The sisters recounted tense times in their lawsuit:

"On Sept. 22, 2002, Freebery called a meeting of county employees whose names were mentioned in subpoenaed personnel records. At this meeting Rendina asked questions while gathering information for the FBI. After the meeting concluded and while the employees were filing out, Gordon rushed up to Freebery, grabbed her arm and pulled her into a private area, frantically saying, 'It must be her. It has to be.'

"Then on Oct. 2, 2002, defendant Gordon became angry and irritated when he discovered that plaintiff Rendina had been subpoenaed and stated, 'They call their star witness on the first day. I'm not stupid.'

". . . [He] subsequently made repeated references to 'what you guys are telling them' and accused plaintiffs of having their own 'secret codes' used to transmit information. Later on Oct. 27, 2002, Maloney was warned that Gordon suspected plaintiffs as federal informants."

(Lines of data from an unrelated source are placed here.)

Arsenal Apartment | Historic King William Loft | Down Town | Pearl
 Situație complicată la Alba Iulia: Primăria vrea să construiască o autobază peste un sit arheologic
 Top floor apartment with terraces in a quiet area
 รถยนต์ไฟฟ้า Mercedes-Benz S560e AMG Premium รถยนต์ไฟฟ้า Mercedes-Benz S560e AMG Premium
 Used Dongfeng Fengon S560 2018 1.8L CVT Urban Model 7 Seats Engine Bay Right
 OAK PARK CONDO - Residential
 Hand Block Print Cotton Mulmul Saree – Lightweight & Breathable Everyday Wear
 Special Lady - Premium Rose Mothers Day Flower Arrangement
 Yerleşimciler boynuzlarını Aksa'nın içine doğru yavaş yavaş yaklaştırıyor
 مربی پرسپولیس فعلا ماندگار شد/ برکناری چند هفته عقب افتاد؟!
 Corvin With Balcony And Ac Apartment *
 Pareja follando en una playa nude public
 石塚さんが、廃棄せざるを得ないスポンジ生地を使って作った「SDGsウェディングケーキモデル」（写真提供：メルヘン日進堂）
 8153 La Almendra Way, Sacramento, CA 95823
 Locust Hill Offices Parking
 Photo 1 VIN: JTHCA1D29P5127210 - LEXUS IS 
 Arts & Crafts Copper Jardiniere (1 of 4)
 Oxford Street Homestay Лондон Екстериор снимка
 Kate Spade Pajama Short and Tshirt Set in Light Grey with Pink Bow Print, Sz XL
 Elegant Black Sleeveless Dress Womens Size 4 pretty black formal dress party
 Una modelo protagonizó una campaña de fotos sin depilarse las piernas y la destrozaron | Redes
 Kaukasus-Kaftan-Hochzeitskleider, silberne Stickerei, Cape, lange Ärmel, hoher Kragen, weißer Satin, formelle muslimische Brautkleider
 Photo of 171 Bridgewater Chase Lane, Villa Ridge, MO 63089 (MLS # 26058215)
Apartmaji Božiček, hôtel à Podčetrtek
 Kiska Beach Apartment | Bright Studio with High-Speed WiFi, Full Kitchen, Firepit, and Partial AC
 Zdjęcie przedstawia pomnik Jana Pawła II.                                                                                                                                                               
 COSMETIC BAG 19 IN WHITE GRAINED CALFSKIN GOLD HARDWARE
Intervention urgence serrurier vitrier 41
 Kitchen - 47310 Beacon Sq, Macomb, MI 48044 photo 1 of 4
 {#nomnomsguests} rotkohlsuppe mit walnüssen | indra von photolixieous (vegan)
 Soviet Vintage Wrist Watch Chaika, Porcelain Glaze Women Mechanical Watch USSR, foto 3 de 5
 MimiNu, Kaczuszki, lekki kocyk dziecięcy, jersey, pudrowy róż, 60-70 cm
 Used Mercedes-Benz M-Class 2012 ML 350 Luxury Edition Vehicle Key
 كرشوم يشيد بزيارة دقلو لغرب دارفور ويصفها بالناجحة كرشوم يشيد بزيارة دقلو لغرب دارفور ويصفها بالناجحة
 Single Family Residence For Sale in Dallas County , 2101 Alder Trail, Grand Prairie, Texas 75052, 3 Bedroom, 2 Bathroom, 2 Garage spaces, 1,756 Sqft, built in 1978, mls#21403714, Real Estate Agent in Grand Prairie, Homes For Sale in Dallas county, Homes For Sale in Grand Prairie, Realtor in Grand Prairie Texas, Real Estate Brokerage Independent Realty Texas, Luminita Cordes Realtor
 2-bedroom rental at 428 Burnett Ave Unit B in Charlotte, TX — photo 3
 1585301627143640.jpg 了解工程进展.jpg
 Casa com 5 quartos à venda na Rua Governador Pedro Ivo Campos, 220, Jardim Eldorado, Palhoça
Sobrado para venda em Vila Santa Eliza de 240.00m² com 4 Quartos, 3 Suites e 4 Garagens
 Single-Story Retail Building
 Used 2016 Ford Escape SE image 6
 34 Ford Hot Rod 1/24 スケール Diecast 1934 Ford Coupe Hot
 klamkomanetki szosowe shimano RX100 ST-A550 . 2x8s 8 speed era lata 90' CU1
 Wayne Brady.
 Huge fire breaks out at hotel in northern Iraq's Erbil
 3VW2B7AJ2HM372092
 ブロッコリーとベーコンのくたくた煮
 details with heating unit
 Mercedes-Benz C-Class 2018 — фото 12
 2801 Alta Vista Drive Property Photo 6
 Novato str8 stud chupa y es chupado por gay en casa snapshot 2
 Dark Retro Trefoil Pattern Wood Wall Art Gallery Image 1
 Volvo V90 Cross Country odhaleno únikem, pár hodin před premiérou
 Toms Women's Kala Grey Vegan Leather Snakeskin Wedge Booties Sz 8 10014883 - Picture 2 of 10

Gordon and Freebery say it never happened. "I would have to think when people are wearing wires, they have to be very paranoid, they have to operate in the twilight zone. I don't ever recall him [Gordon] saying, 'It has to be, it has to be,'" Freebery said.

The two sides exchange their sharpest criticism over remarks Freebery is said to have made about the death of the sisters' father Anthony Rendina, who died in October 2001 when he was 84. While not offering details, Neuberger says Freebery shocked the sisters by accusing them of "killing their beloved and recently deceased father."

The lawsuit fairly screams about it.

"Plaintiffs were hurt, wounded, distressed, shocked, anguished, stunned, appalled, floored, taken aback, offended, traumatized, scandalized and otherwise outraged by these false accusations against them."

Freebery says the only comments she made were a running joke. They began when the father was in the hospital but recovered enough to be discharged after Maloney made him a favorite Italian meal. When he weakened again, Maloney found him in the kitchen, making a sandwich for himself, so Freebery joked, "Good God, Lynda, you're killing the man. He's hungry. You've got to feed him."

Neuberger says the sisters are worried about their safety. Gordon disputes it, citing the Gridiron dinner in May. Freebery was lampooned repeatedly, including this broadside in a spoof of "You Can't Get a Man With a Gun":

Some call me a pistol.

I sparkle like a crystal

Even though CAO's not Number One.

Now would you find it scary

To work in a library?

And I swear it was fair

When I sent those broads to Bear.

 

"They're not concerned for their safety," Gordon said. "That's bizarre. That's outrageous. That woman wanted a pound of Sherry's flesh, and she got it."

Gordon concedes he has doubts these days about whether running for county executive was worth it, but Freebery does not seem to and says she does not intend to be deterred from running herself.

"I think a large part of the investigation is to keep us from staying around another four years," she said.